• _INSTRUCTIONS FOR THE TASK_:
Each entry must be given again exactly as it appears, with images excluded.

Scraped caption text data
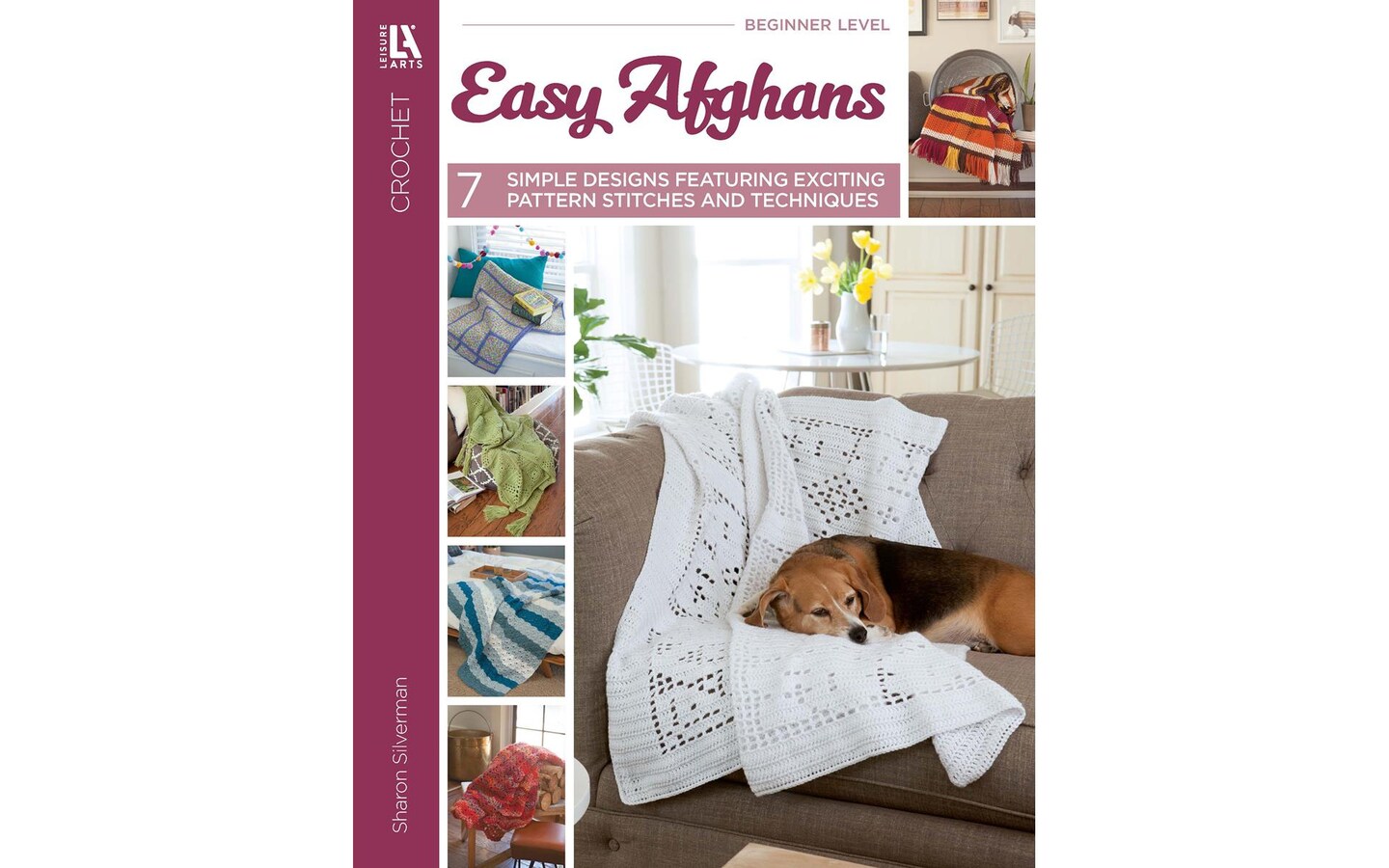 Leisure Arts Easy Afghans Crochet Bk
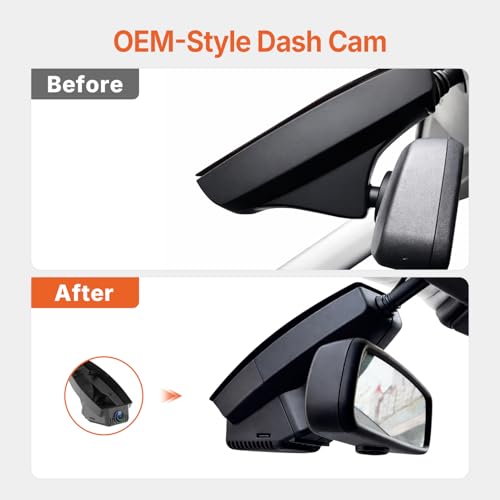 BMW Dash Cam for BMW 1/3/5/7 Series X1/3/5/6 X5M M3 E Chassis, 4K Wireless Dash Camera, HDR, OEM Style, No Visible Wires, WiFi & App, Parking Mode, Plug and Play, Breeze Installation, 64GB Card by ONESTOPGUARD - Image 2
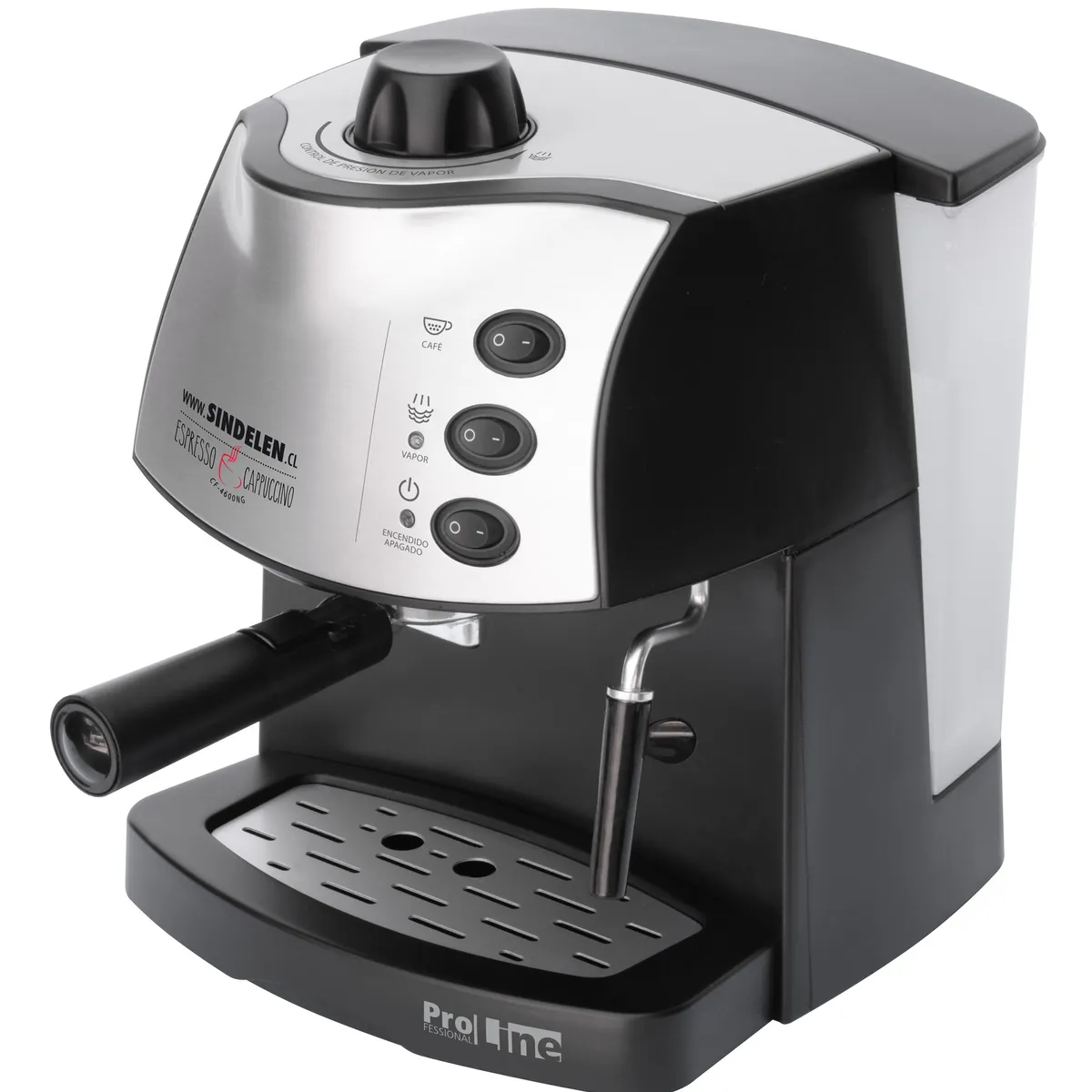 SINDELEN - Cafetera Expresso Sindelen 1,80lt Cf-4600 Negra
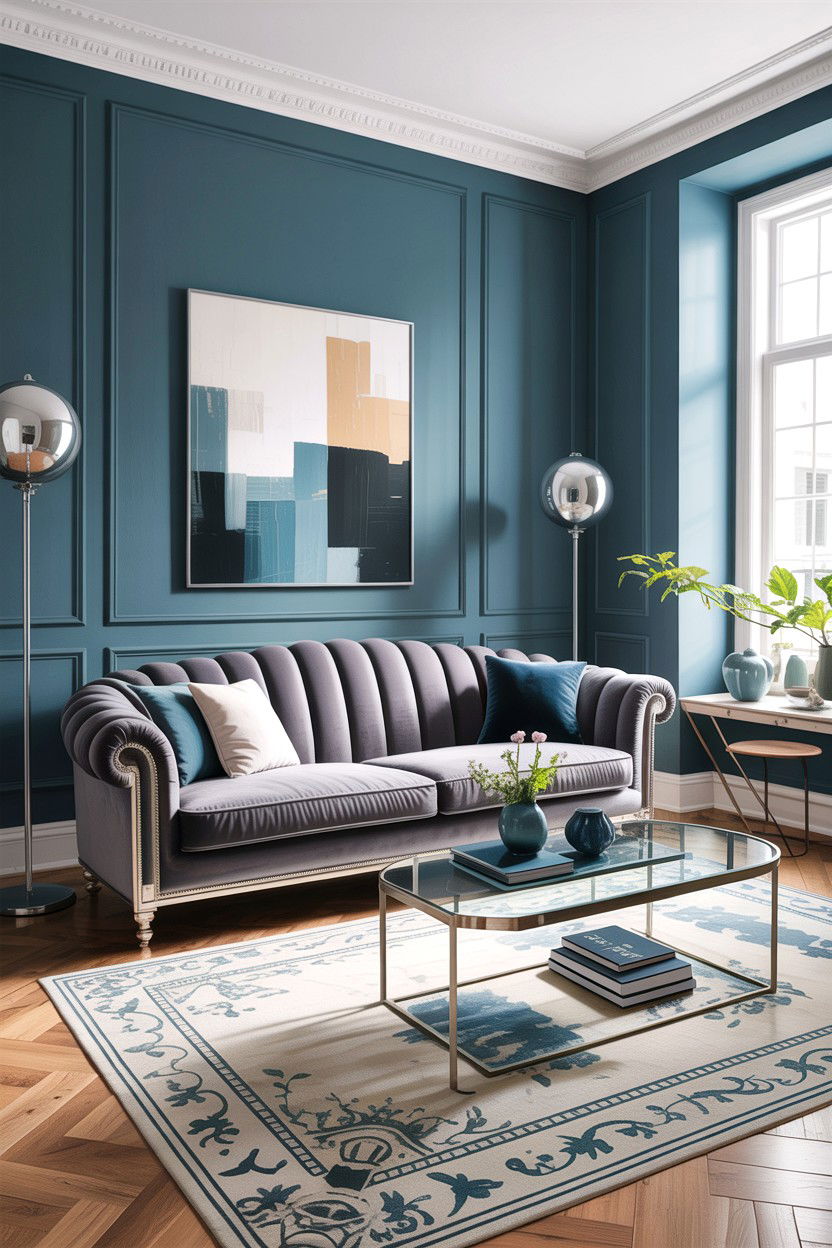 Blue and grey living room - 30 cool toned living room ideas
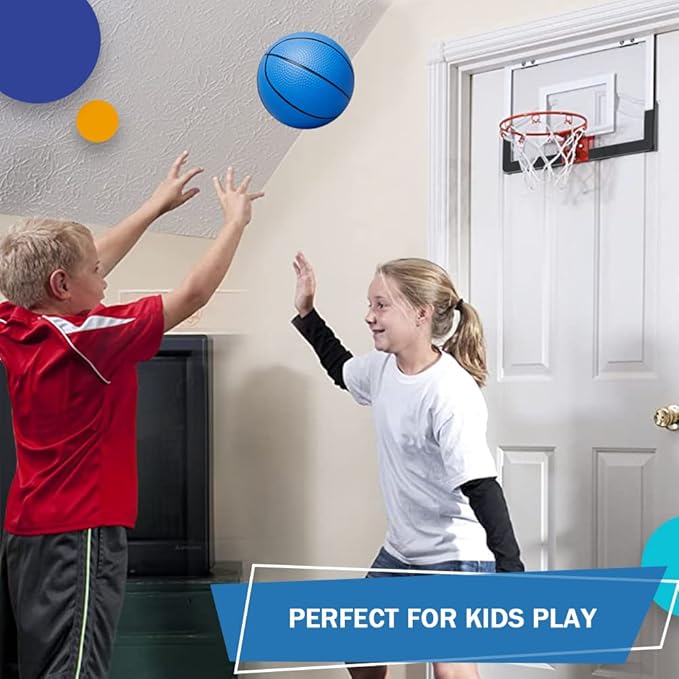 6 Inch Mini Basketballs for Toddlers Kids Teenagers, 6 Pack 6" Basketball Set with Pump Durable PVC Basketballs for Mini Over Door Hoop Pool Beach Balls for Swimming Pool, Indoors, Outdoors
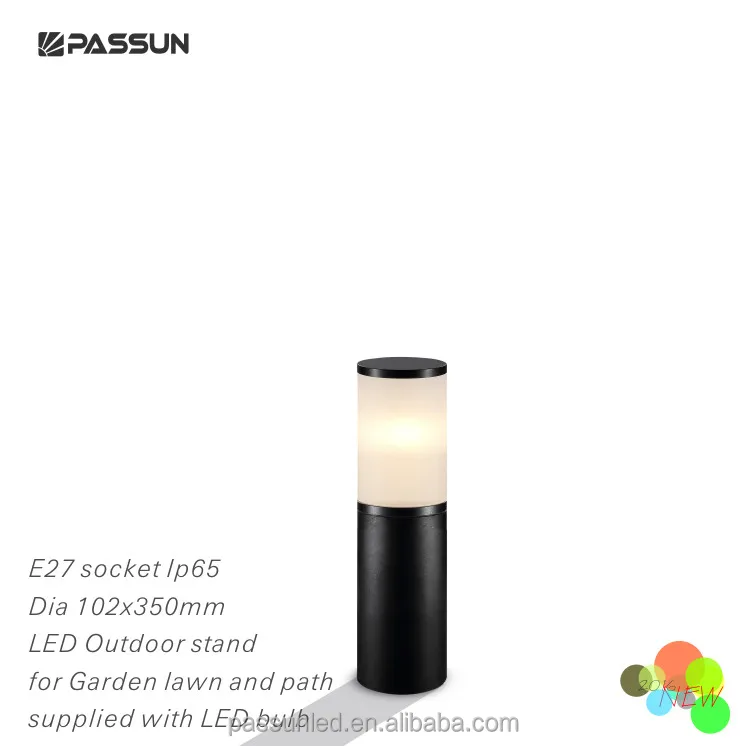 IP44 aluminium waterproof anodized black 10w led garden light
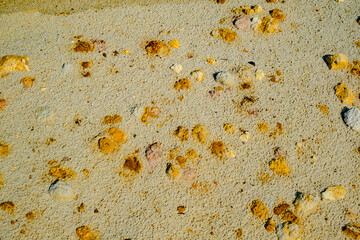 Abstract color sand texture at kaolin mine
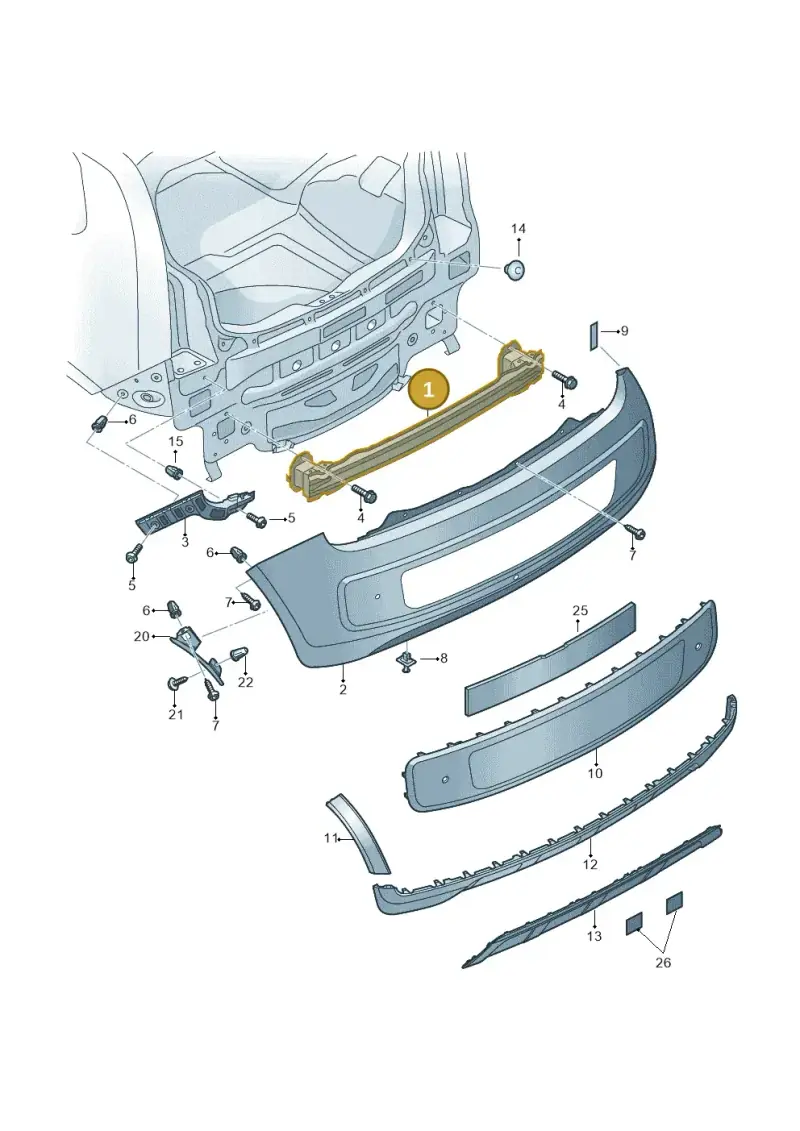 1S0807305B — Volkswagen Up! 1.0 BlueMotion (2016-2023) diagram 892807050, position 1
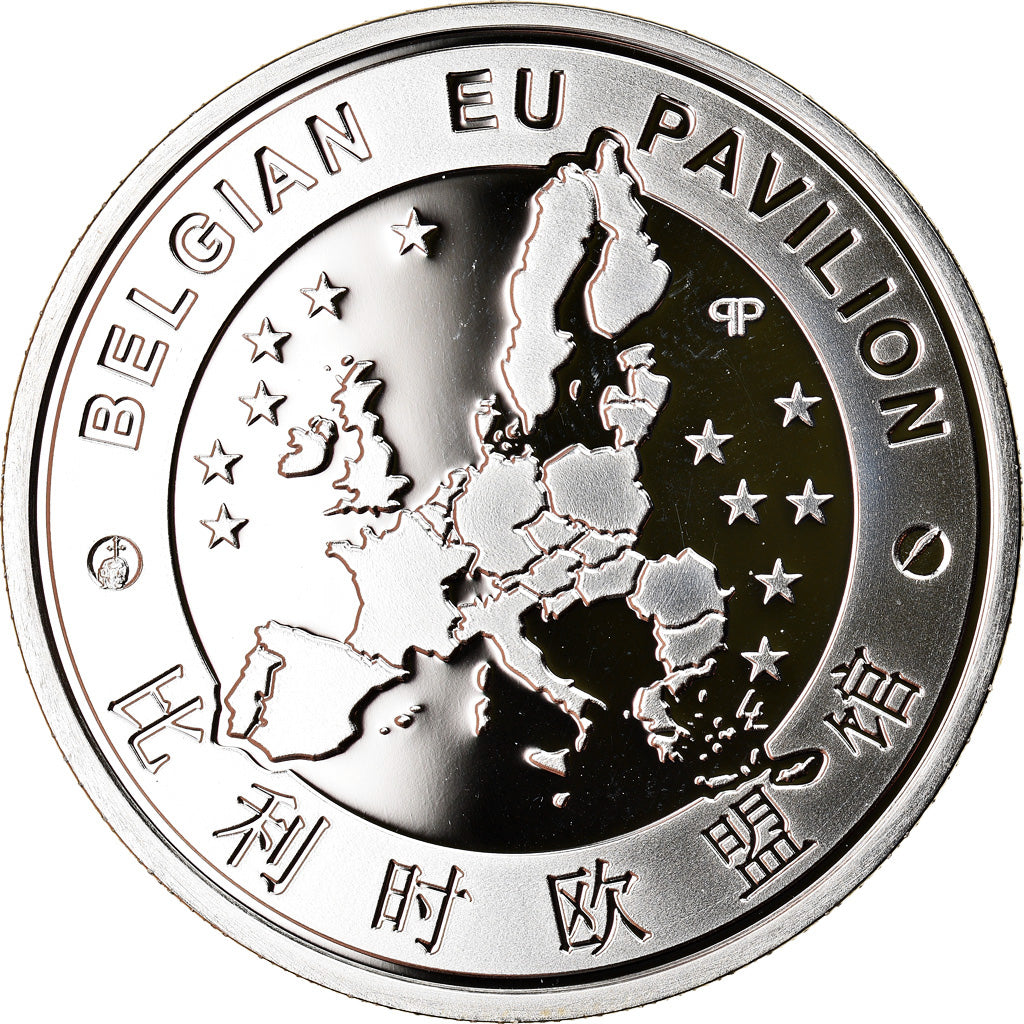 Belgium, Medal, Belgian EU Pavillon, Expo Shanghai, 2010, MS(65-70), Silver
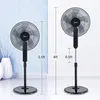 Ventilateur de sol 3 vitesses et télécommande, noir Voir les images du produit 8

• _ANSWER SPACE_:
 Leisure Arts Easy Afghans Crochet Bk
 BMW Dash Cam for BMW 1/3/5/7 Series X1/3/5/6 X5M M3 E Chassis, 4K Wireless Dash Camera, HDR, OEM Style, No Visible Wires, WiFi & App, Parking Mode, Plug and Play, Breeze Installation, 64GB Card by ONESTOPGUARD - Image 2
 SINDELEN - Cafetera Expresso Sindelen 1,80lt Cf-4600 Negra
 Blue and grey living room - 30 cool toned living room ideas
 6 Inch Mini Basketballs for Toddlers Kids Teenagers, 6 Pack 6" Basketball Set with Pump Durable PVC Basketballs for Mini Over Door Hoop Pool Beach Balls for Swimming Pool, Indoors, Outdoors
 IP44 aluminium waterproof anodized black 10w led garden light
 Abstract color sand texture at kaolin mine
 1S0807305B — Volkswagen Up! 1.0 BlueMotion (2016-2023) diagram 892807050, position 1
 Belgium, Medal, Belgian EU Pavillon, Expo Shanghai, 2010, MS(65-70), Silver
 Ventilateur de sol 3 vitesses et télécommande, noir Voir les images du produit 8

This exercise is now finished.